•The Camera Never Lies. The Big East and ESPN, which were born at essentially the same time, have acted almost as god-parents for each other. The league provided tidy and compelling two-hour blocks of programming; in return, the cable network drew huge audiences with its Monday and Wednesday night broadcasts, which in turn served the Big East as a nationwide recruiting tool. But as ESPN began carpeting every winter week with what it calls "wall-to-wall basketball," the Big East began to look like just another throw rug. And as the league's games became more and more unseemly—as the six-foul rule caused some Big East games to spill 15 or 20 minutes into a hard-nosed but somehow cleaner Big Ten game or a more wide-open Big Eight encounter or an ACC game conducted by maestros like Duke's Bobby Hurley, Georgia Tech's Kenny Anderson and North Carolina's Derrick Phelps—what should have been a recruiting infomercial suddenly began to look like the kind of thing a Prime Time camera crew comes back with after a visit to a Food Lion supermarket.
•What Would a Nice Guy Like Me Do in a Place Like That?

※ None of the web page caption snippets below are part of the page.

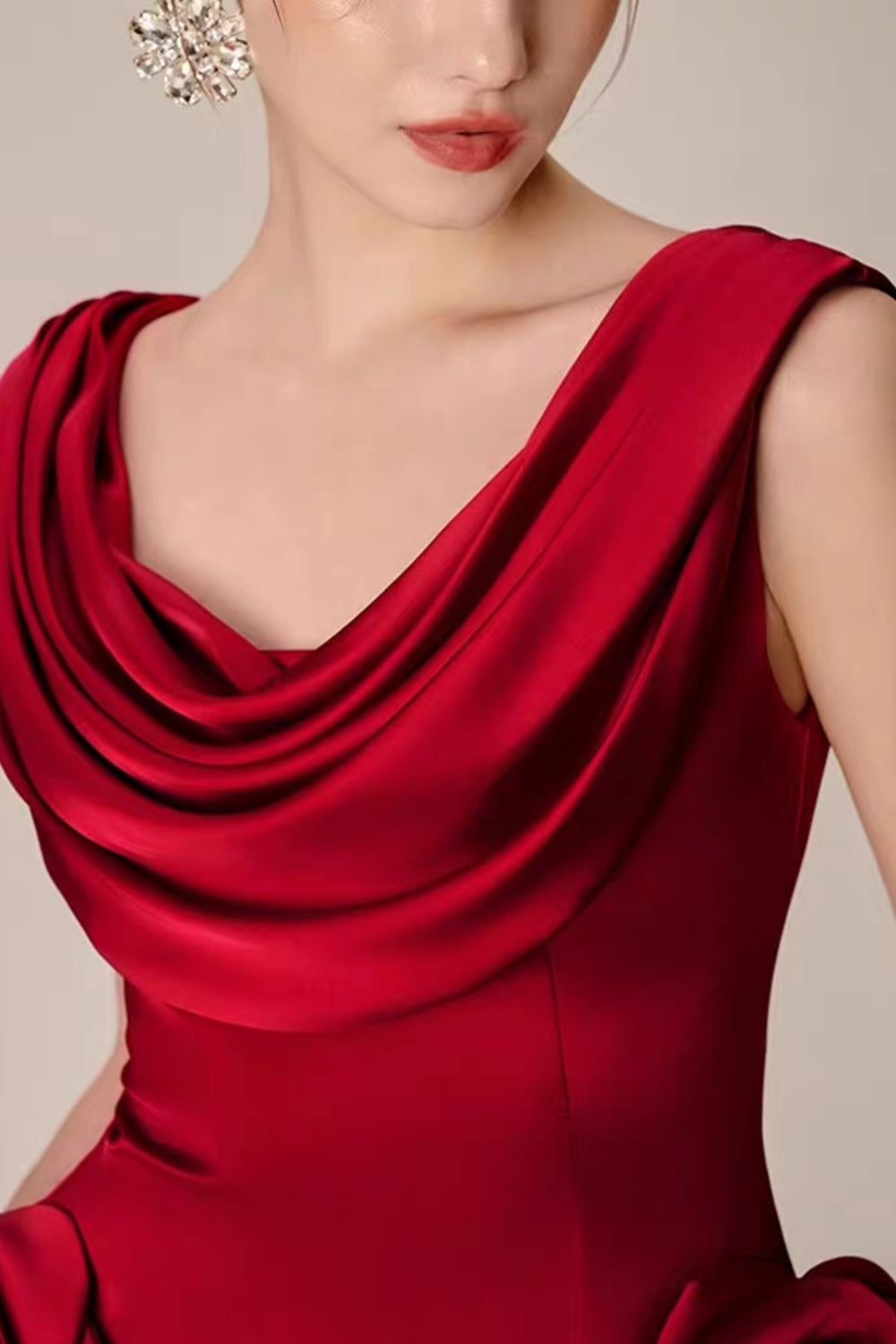 3D FLOWER PLEATED SLEEVELESS MINI DRESS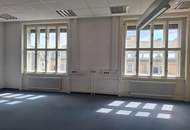 Großzügige Bürofläche mit 604 m² - 9 Büros im 4. Obergeschoss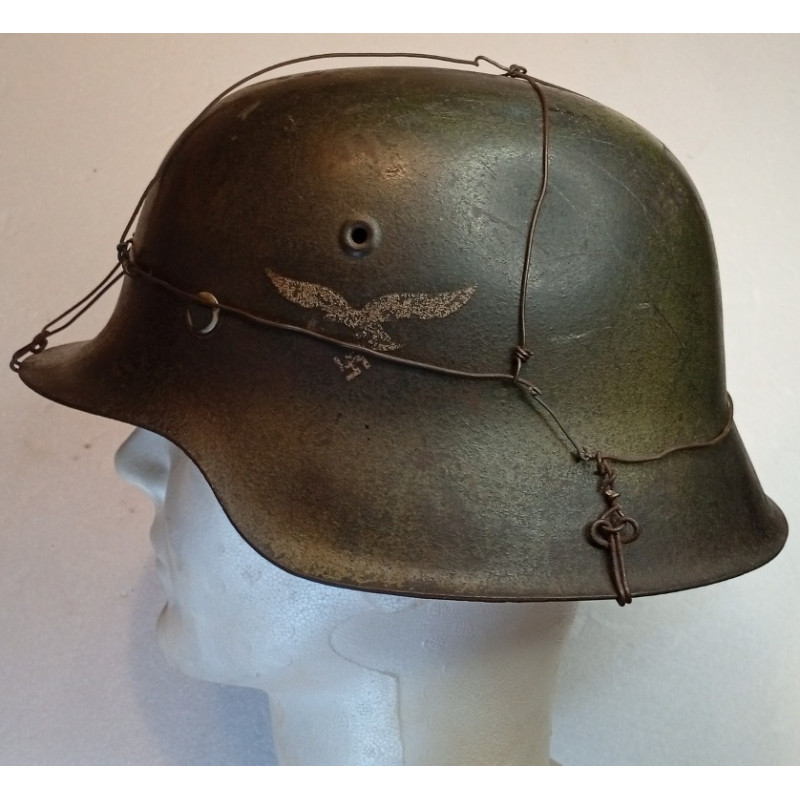 Casque Luftwaffe Modèle 1942 avec Insigne camouflé 3 tons Normandie et grillagé - Jus Combat intouché WW2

Current college stars Hurley, Phelps, Kentucky's Jamal Mashburn and Rodrick Rhodes, Georgia Tech's Travis Best, Arizona's Khalid Reeves and North Carolina's Brian Reese are all from New England or Greater New York. Put three or four of them in the Big East, and you wouldn't be reading this story. But because they've gone elsewhere, the league has suffered. A measure of how desperate the conference has become manifested itself in this fall's early-signing period, when the Big East actually fared pretty well—but only by resorting to the stopgap measure of signing junior college players.

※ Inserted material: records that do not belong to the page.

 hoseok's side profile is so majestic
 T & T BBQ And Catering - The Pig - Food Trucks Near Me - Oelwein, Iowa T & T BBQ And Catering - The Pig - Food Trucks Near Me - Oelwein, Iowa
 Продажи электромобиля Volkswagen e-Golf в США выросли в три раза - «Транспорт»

•Senioritis. Seton Hall's Dehere is a solid, jump-shooting guard. He is not, alas, what a league of media markets wants in a senior headliner. "At our preseason media day in New York, we were going around asking, 'Do you want to interview so-and-so?' " says a publicist at one Big East school. "Whereas in past years a line would have formed."
•The Breakup of the Gang of Four. Carnesecca, Massimino, Thompson and Syracuse's Jim Boeheim were in on the league from the start and had outsized influence on every decision Gavitt made. But after reaching the Final Four in 1985, the first three started coasting. Then Syracuse got caught cheating and wound up on a two-year NCAA probation. The Big East is still trying to recover.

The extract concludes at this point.